Chlorosomes of the photosynthetic green sulfur bacterium Chlorobium tepidum consist of bacteriochlorophyll (BChl) c aggregates that are surrounded by a lipid-protein monolayer envelope that contains ten different proteins. Chlorosomes also contain a small amount of BChl a, but the organization and location of this BChl a are not yet clearly understood. Chlorosomes were treated with sodium dodecyl sulfate (SDS), Lubrol PX, or Triton X-100, separately or in combination with 1-hexanol, and the extracted components were separated from the residual chlorosomes by ultrafiltration on centrifugal filters. When chlorosomes were treated with low concentrations of SDS, all proteins except CsmA were extracted. However, this treatment did not significantly alter the size and shape of the chlorosomes, did not extract the BChl a, and caused only minor changes in the absorption spectrum of the chlorosomes. Cross-linking studies with SDS-treated chlorosomes revealed the presence of multimers of the major chlorosome protein, CsmA, up to homooctamers. Extraction of chlorosomes with SDS and 1-hexanol solubilized all ten chlorosome envelope proteins as well as BChl a. Although the size and shape of these extracted chlorosomes did not initially differ significantly from untreated chlorosomes, the extracted chlorosomes gradually disintegrated, and rod-shaped BChl c aggregates were sometimes observed. These results strongly suggest that CsmA binds the BChl a in Chlorobium-type chlorosomes and further indicate that none of the nine other chlorosome envelope proteins are absolutely required for maintaining the shape and integrity of chlorosomes. Quantitative estimates suggest that chlorosomes contain approximately equimolar amounts of CsmA and BChl a and that roughly one-third of the surface of the chlorosome is covered by CsmA.
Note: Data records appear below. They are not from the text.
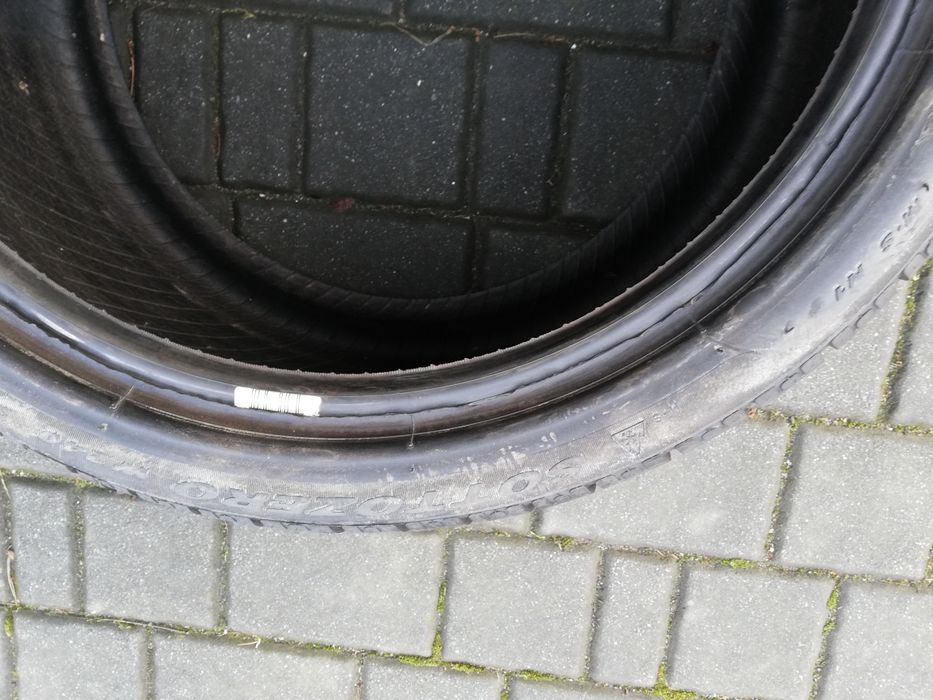 Opony zimowe Pirelli Sottozero 295/30/19 100V 2 sztuki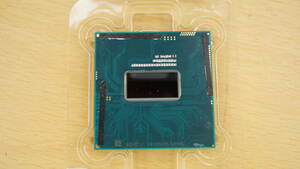 【Socket G3】Intel インテル Core i3-4000M プロセッサー SR1HC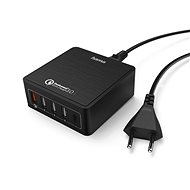 Hama Quick Charge 3.0 USBC 5-zásuvková 40W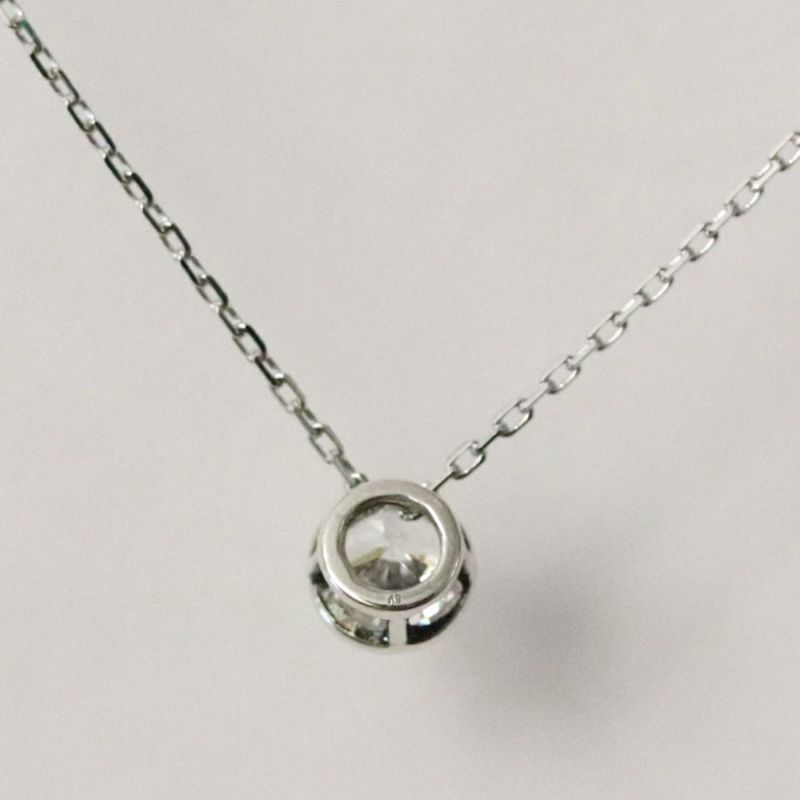 ダイヤペンダントネックレスジュエリーリフォームｒｆp0687ｎｃｔ030ｐｔ裏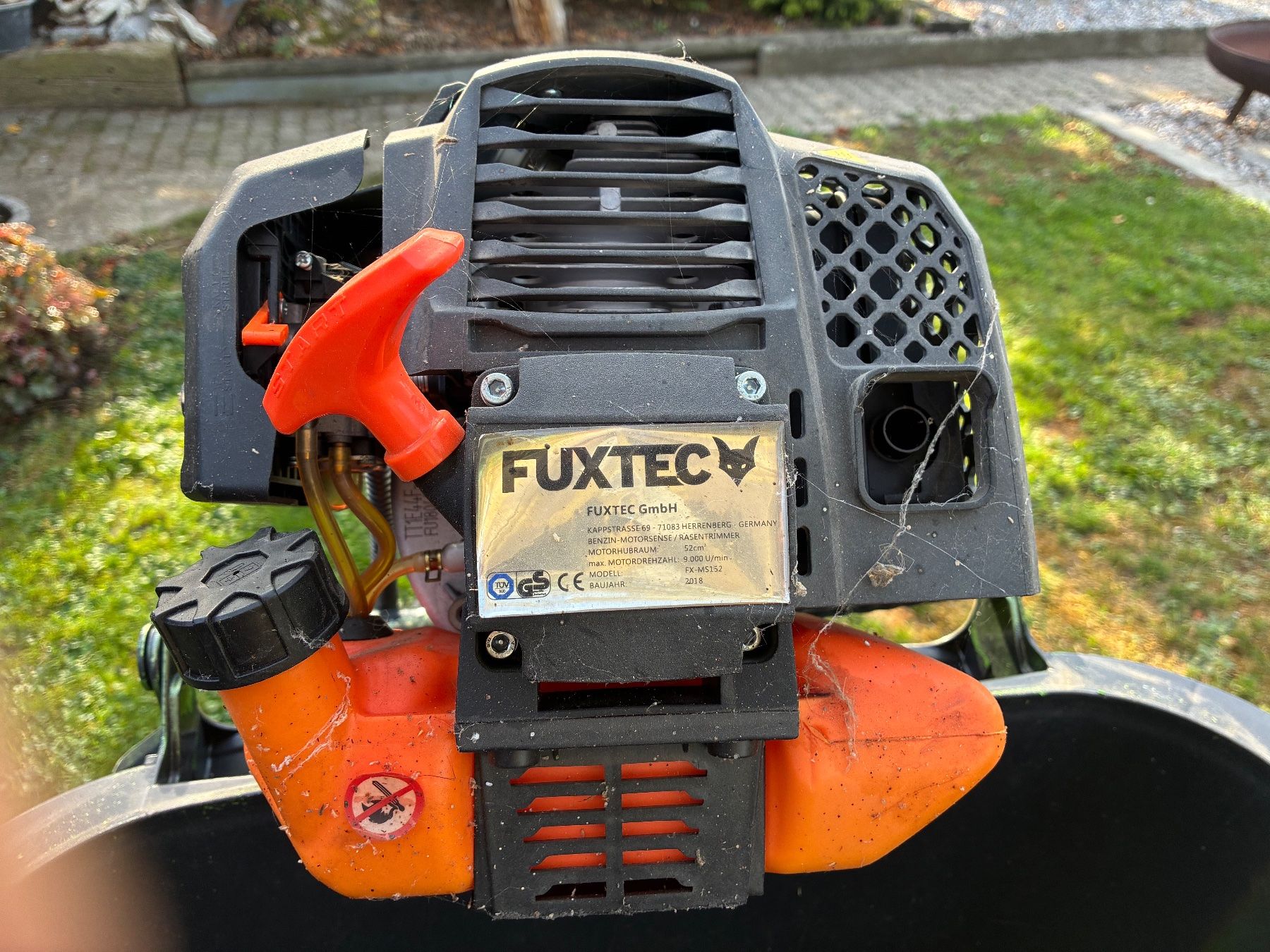 Fuxtec Tagliaerba: Fuxtec Multitool FX-MS 152 2in1 gebraucht  Motorsense – Usato da Winterthur venduto da Neuson 3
Subcellular localization of chlorosome proteins in Chlorobium tepidum and characterization of three new chlorosome proteins: CsmF, CsmH, and CsmX.
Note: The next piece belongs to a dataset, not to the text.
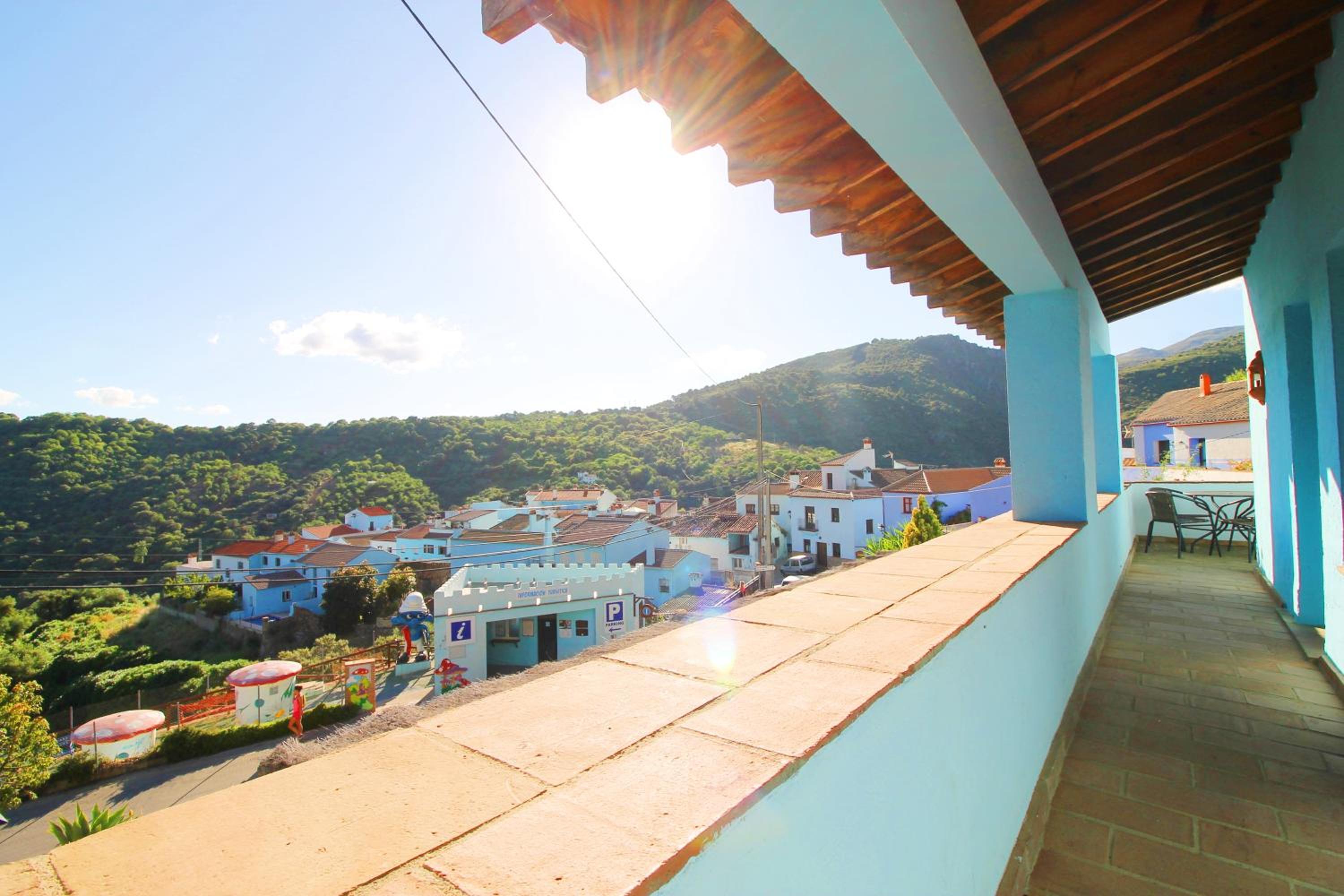 Casas Rurales Juzcar Centro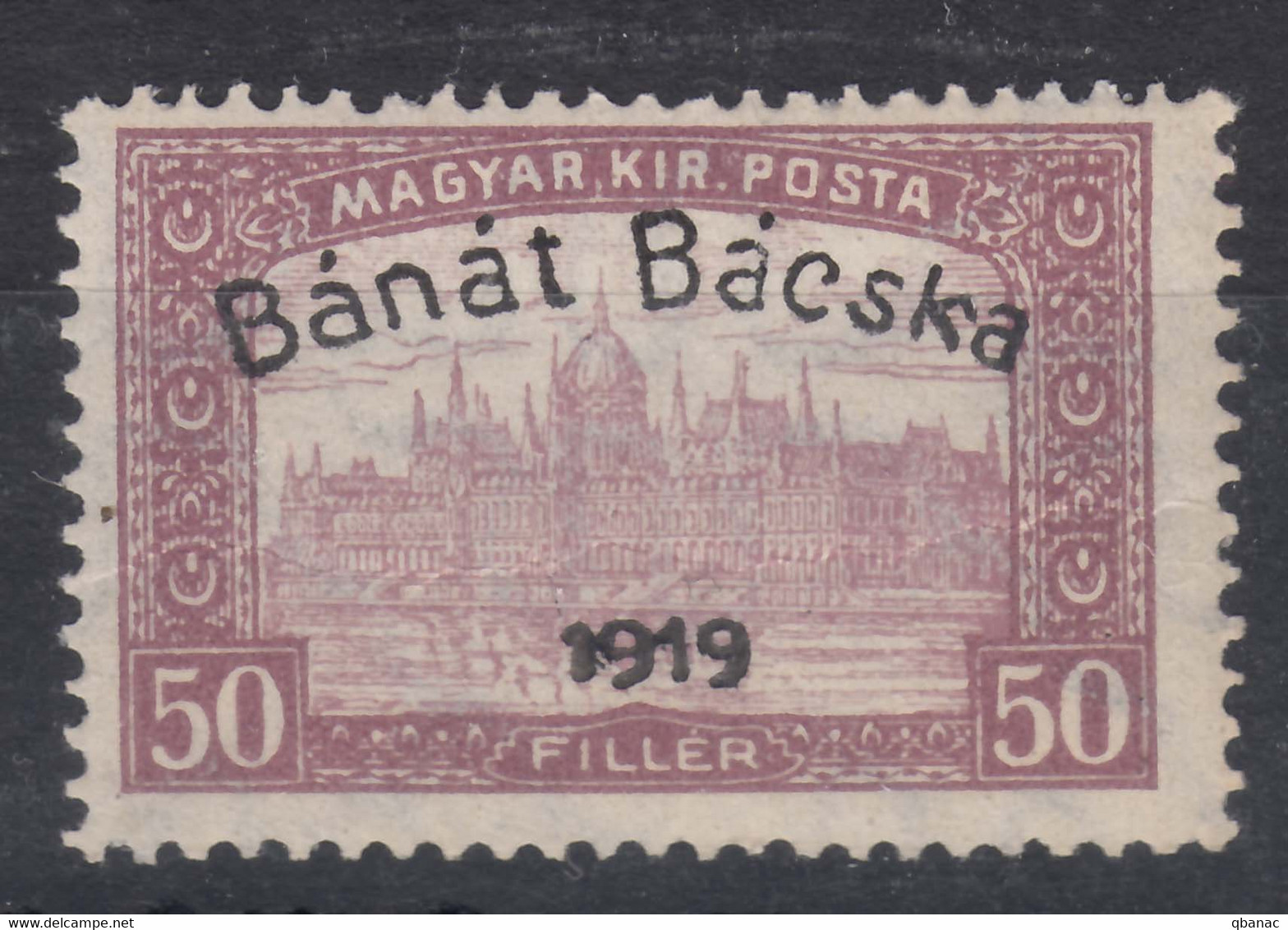 Hungary Banat Bacska 1919 Mi#12 Mint Never Hinged - Banat-Bacska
Chlorosomes are unique light-harvesting structures found in two families of photosynthetic bacteria. In this study, three chlorosome proteins (CsmF, CsmH, and CsmX) of the green sulfur bacterium Chlorobium tepidum were characterized by cloning and sequencing the genes which encode them, by overproducing the respective proteins in Escherichia coli, and by raising polyclonal antisera to the purified proteins. Three other proteins (AtpF, CT1970, and CT2144) which were identified in chlorosome fractions have similarly been characterized. The antisera were used to establish the distribution of each protein in various cellular fractions. Ten chlorosome proteins (CsmA, CsmB, CsmC, CsmD, CsmE, CsmF, CsmH, CsmI, CsmJ, and CsmX) copurified in a constant proportion together with bacteriochlorophyll c, and none of these 10 proteins was found in substantial amounts in other subcellular fractions. An antiserum to CsmH was highly effective in agglutinating chlorosomes, and antisera to CsmI, CsmJ, CsmX, and CsmA also immunoprecipitated chlorosomes to varying extents. However, an antiserum to CsmF did not agglutinate chlorosomes. The sequences of chlorosome proteins generally are not significantly similar to the sequences of other proteins in the databases. However, the N-terminal domains of three chlorosome proteins, CsmI, CsmJ, and CsmX, are related to adrenodoxin-type ferredoxins that ligate [2Fe-2S] clusters [Vassilieva, E. V., Antonkine, M. L., Zybailov, B. L., Yang, F., Jakobs, C. U., Golbeck, J. H., and Bryant, D. A. (2001) Biochemistry 40, 464-473]. The sequences of the C-terminal domains of these three proteins appear to be distantly related to CsmA and CsmE. The remaining chlorosome proteins can be divided into two additional structural families, CsmB/F and CsmC/D. CsmH is recovered in water-soluble form after overproduction in E. coli. Interestingly, this protein contains an N-terminal domain that is similar to CsmB/D, while its C-terminal domain is related to CsmC/D. The sequence relationships indicate that, although the protein composition of Chlorobium-type chlorosomes is superficially more complex than that of the chlorosomes of Chloroflexus aurantiacus, this heterogeneity is mostly produced by gene duplication and divergence among a small number of protein types.